Tata Steel UK to sell speciality unit to Liberty House for £100 mn

Since Tata Steel has made the Corus buyout in 2007, the firm has been witnessing financial strain

Sanjeev Gupta
Sanjeev Gupta
Aditi Divekar Mumbai
Last Updated : Feb 10 2017 | 10:14 AM IST
Tata Steel UK has signed an agreement to sell its speciality steel unit to Liberty House Group for £100 million.

In a notification to the stock exchanges, Tata Steel said the agreement covered several South Yorkshire-based assets. These included electric arc steelworks and a bar mill at Rotherham, a steel purifying facility in Stockbridge and a mill in Brinsworth, along with service centres in several parts of the world, including China. The unit employs 1,700 people and caters to the aerospace, automotive and oil & gas industries.

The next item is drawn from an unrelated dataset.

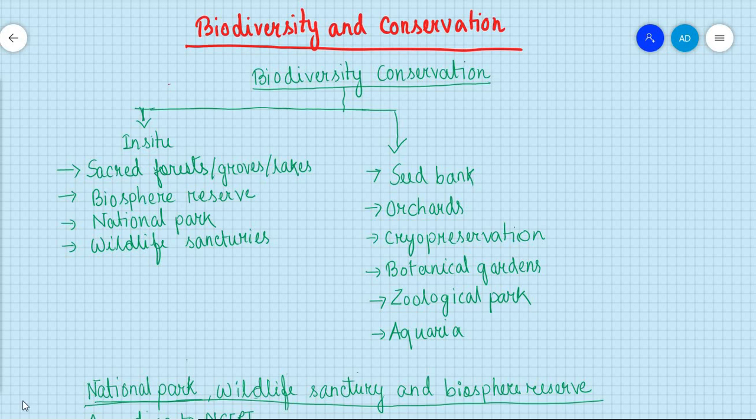Hello guys, today I am going to discuss a small topic from the chapter Biodiversity and Conservation. So today I will discuss mainly about the biodiversity conservation process.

“We will be handing over a business which has been transformed, following difficult decisions, to restructure and refocus on higher-value markets. Employees, trade unions and management teams have worked hard at the speciality unit to improve performance,” Bimlendra Jha, chief executive officer at Tata Steel UK was quoted.

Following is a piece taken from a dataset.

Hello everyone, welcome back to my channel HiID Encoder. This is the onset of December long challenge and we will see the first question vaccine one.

Tata Steel UK is currently consulting with its employees on a number of proposals on the way ahead for a more sustainable future. It is also in discussion with the British Steel Pension Scheme trustees and the pensions regulator. 

Tata Steel said it had so far invested £1.5 billion in its UK business, including £85 mn this year, on a range of sustenance and improvement schemes. 

The company’s strip products business will continue to employ 9,000 people in the UK, manufacturing advanced products for sectors such as the automotive industry, it said.

Liberty Group had signed a letter of intent for Tata Steel’s loss-making speciality steel unit in December. It has plans to expand the unit and been positive on the buyout as it is a part of the profit-making steel recycling industry. 

Since Tata Steel has made the Corus buyout in 2007, the firm has been witnessing heavy financial strain. 

Due to this, its India operations, which had been doing considerably well, felt the heat as it had to divert its operating earnings to service the debt of loss-making European operations.